La speranza del governo è che, in questo modo, possano cambiare i giudizi sulle richieste di trattenimento dei migranti dei centri. Secondo i partiti all’opposizione, invece, questa misura genererà ulteriori problemi: da un lato i magistrati delle Corti d’Appello potrebbero non avere le competenze adatte a giudicare le situazioni riguardanti le richieste d’asilo, dall’altro lato le nuove pratiche potrebbero rallentare ulteriormente i lavori delle Corti d’Appello.

Il nuovo decreto “Flussi” prevede poi che rimangano segreti i dettagli degli appalti per la fornitura di mezzi e i materiali ai Paesi terzi per il controllo delle frontiere, dei flussi migratori e delle attività di soccorso in mare. In altre parole, con questa nuova norma l’Italia potrebbe cedere a Paesi come la Libia o la Tunisia navi e motovedette per il controllo dei flussi marittimi senza doverlo rendere noto.

Sono state introdotte anche norme più stringenti per l’ingresso in Italia di lavoratori stranieri. Tra le altre cose, il testo prevede che i datori di lavoro e i lavoratori stranieri sottoscrivano il contratto di soggiorno entro otto giorni dall’ingresso in Italia del lavoratore.

Il contratto di soggiorno è il contratto di lavoro stipulato dai datori di lavoro e dai lavoratori migranti, e consente il rilascio del permesso di soggiorno per il cittadino straniero.

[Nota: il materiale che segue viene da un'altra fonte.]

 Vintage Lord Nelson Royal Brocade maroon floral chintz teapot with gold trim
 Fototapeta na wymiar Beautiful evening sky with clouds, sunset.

Se quest’obbligo non viene rispettato, il datore di lavoro rischia di non poter fare per tre anni ulteriori richieste per l’ingresso di lavoratori stranieri.

Per contrastare il fenomeno del “caporalato”, il decreto prevede la concessione di un permesso di soggiorno speciale per i lavoratori stranieri vittime di sfruttamento sul lavoro. Questo permesso ha durata di sei mesi e può essere rinnovato per un altro anno al fine di garantire assistenza legale ed eventualmente sanitaria al lavoratore sfruttato.

Le reazioni

«Questo provvedimento, come altri voluti dal nostro governo e approvati dal Parlamento, vuole dare ordine a una materia molto complessa e dare risposte concrete per il controllo dell’immigrazione», ha detto il senatore della Lega Paolo Tosato durante le dichiarazioni di voto sul decreto, su cui il governo ha posto la questione di fiducia. Il capogruppo di Forza Italia al Senato Maurizio Gasparri ha detto che il suo partito «ritiene validissimo questo provvedimento che riguarda sì la sicurezza ma riguarda anche l’accoglienza, gli ingressi, il lavoro».

Al contrario, come anticipato, il provvedimento è stato criticato dai partiti di opposizione: «Il principale effetto di questo decreto-legge sarà quello di aumentare il numero delle presenze irregolari, di alimentare lo sfruttamento, il lavoro nero e, al tempo stesso, di accrescere il rischio che coloro che verranno messi ai margini della società diventino preda della criminalità, altro che sicurezza», ha dichiarato il senatore del Partito Democratico Andrea Giorgis.

Prima del voto finale sul provvedimento, il leader di Italia Viva Matteo Renzi ha definito i centri per i migranti in Albania «una delle più grandi buffonate che si potessero pensare».